Local production, storage capacity, pipelines, LNG terminals, plus the knowledge of infrastructure put the Netherlands in an ideal position to play that role of the North-Western European gas roundabout.
GDF SUEZ is also playing an important role in CCS projects in the Netherlands, as shown by your pilot project under elaboration together with E.ON on the Maasvlakte site in the Port of Rotterdam. How promising are these pilot projects and how close is CCS from becoming an economically viable activity?
One of the options to reduce greenhouse gases is to store CO2 in the depleted gas fields. GDF SUEZ E&P Nederland has been injecting CO2 from our K12-B field since 2004. The CO2 that we extract from our own gas production is reinjected into the field. This pilot project (initially subsidized by the government) offers the opportunity to gain experience in CO2 storage in existing gas fields and open a new front for gas storage in the depleted Dutch fields offshore.
Naturally, this is as yet a pilot project.

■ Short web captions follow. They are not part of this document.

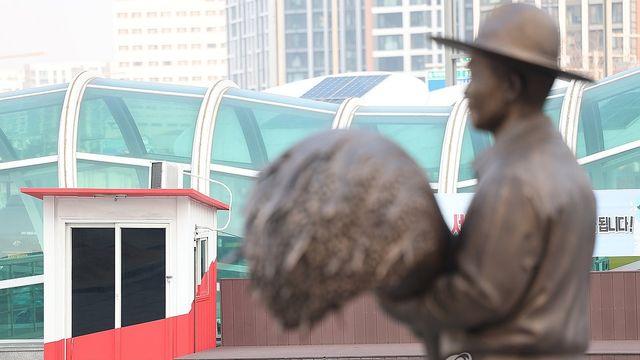 동대구역 박정희 동상에 행인이 계란 던져…경찰 수사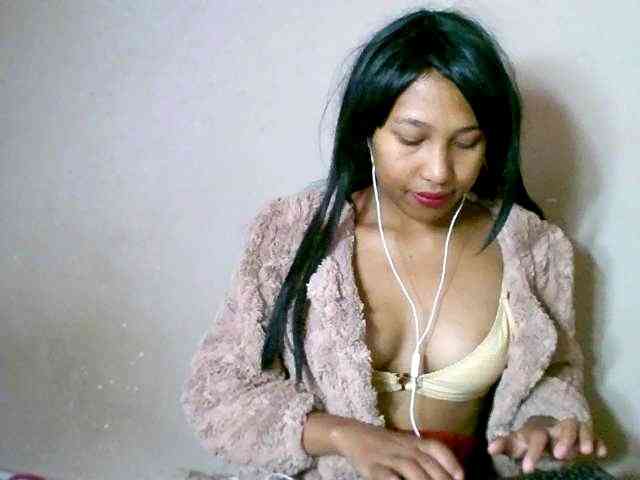 private chat room HelenGLOW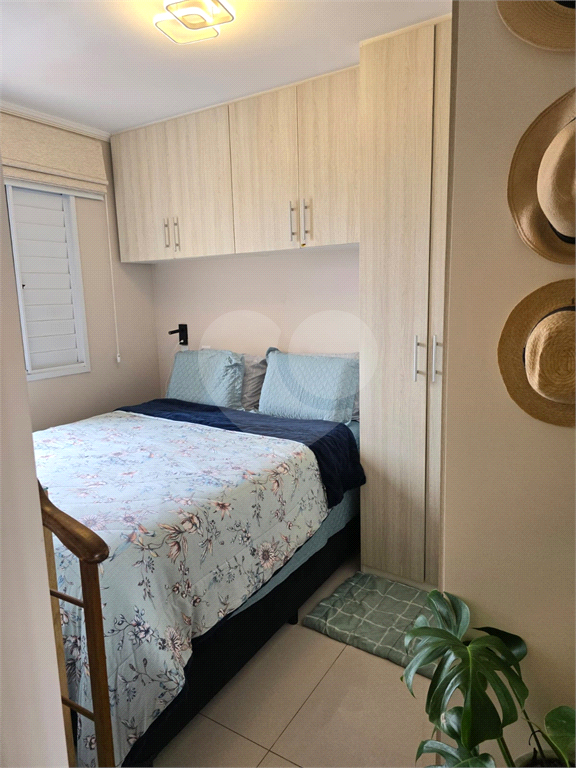 Apartamento à Venda 42m²| 2 Dormitórios| 1 Vaga|  Com Varanda | Cachoeirinha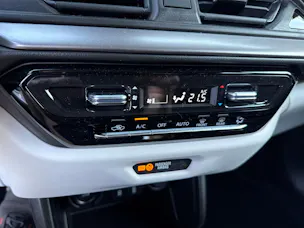 Suzuki Swift 1.2 Sakura Top Hybrid 4x4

It is responsible for the storage of 20,000 tons of CO2 per year, but we believe that ultimately depleted offshore fields could become quite promising for CO2 storage. The project you mentioned is being carried out by Electrabel (a GDF SUEZ company) and E.ON. We will be responsible for the operation of the transportation part of the project. This project, supported by subsidies from the EU and the Dutch government, could be the beginning of an offshore infrastructure on the Dutch continental shelf and thus giving depleted gas fields a new life.

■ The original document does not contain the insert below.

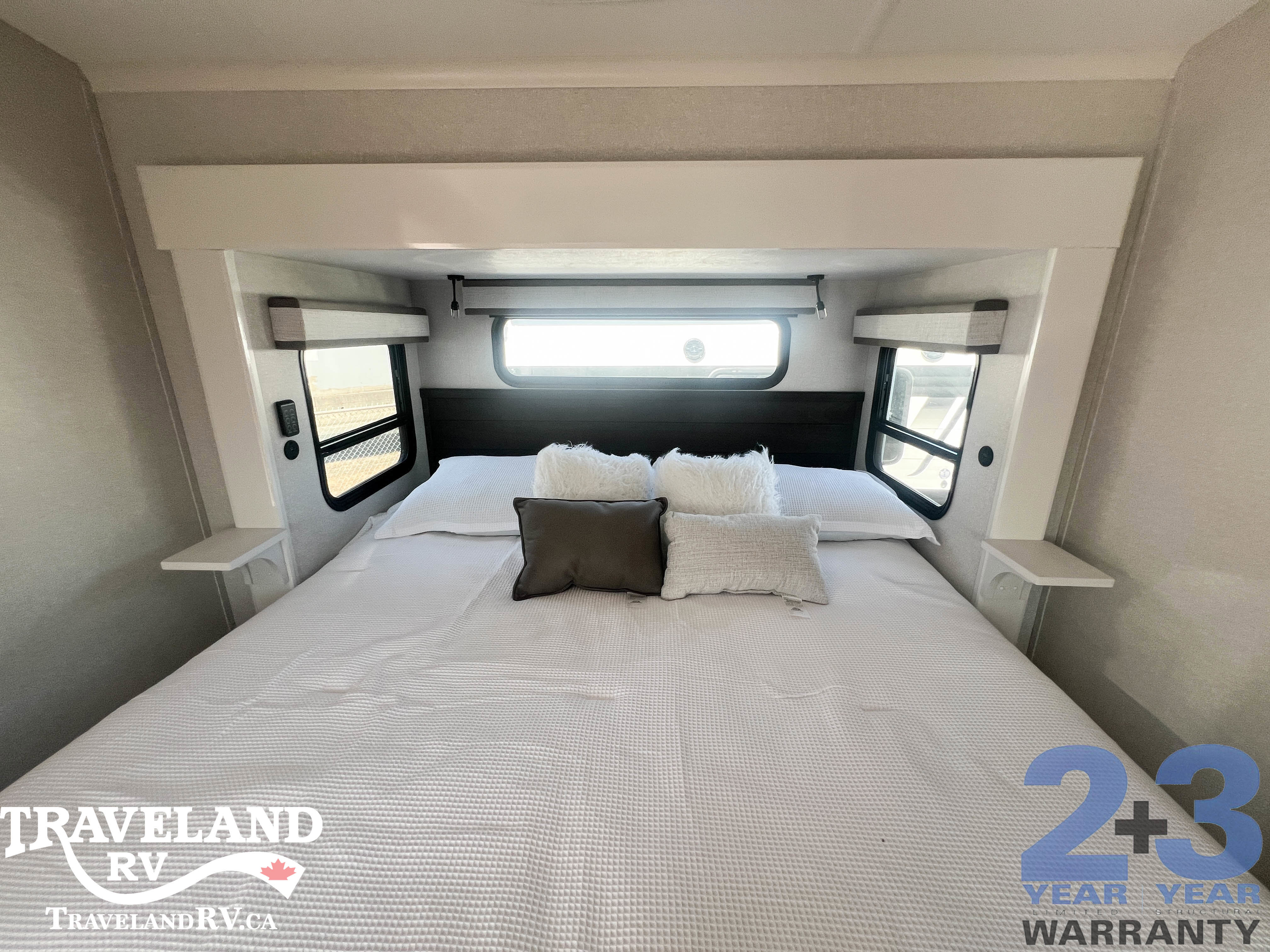 2026 Jayco Pinnacle 36FBTS - Image 30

Looking towards the future, what are your main ambitions and expectations for GDF SUEZ E&P operations in the Dutch continental shelf?
Our biggest challenge is to continue to be competitive in operating and investment costs and remain successful in exploration. We are already very cost competitive but we have to keep on building our strengths on this side. Furthermore, with our vast knowledge of the sub surface of the Dutch offshore we still believe that there are interesting exploration opportunities offshore in the Netherlands. We must make use of the window of opportunity while our extensive infrastructure is still out there. We will plan an occasional exploration well in a new area although we have to realize that we are operating in a mature basin.
The Netherlands still has some treasures to be discovered and developed. It will be more difficult to find them and it will be more challenging to make them economical, but if you do it in a cost effective way and with a dedicated and experienced team such as ours, you will be able to extract oil and gas from offshore the Netherlands for quite some time yet.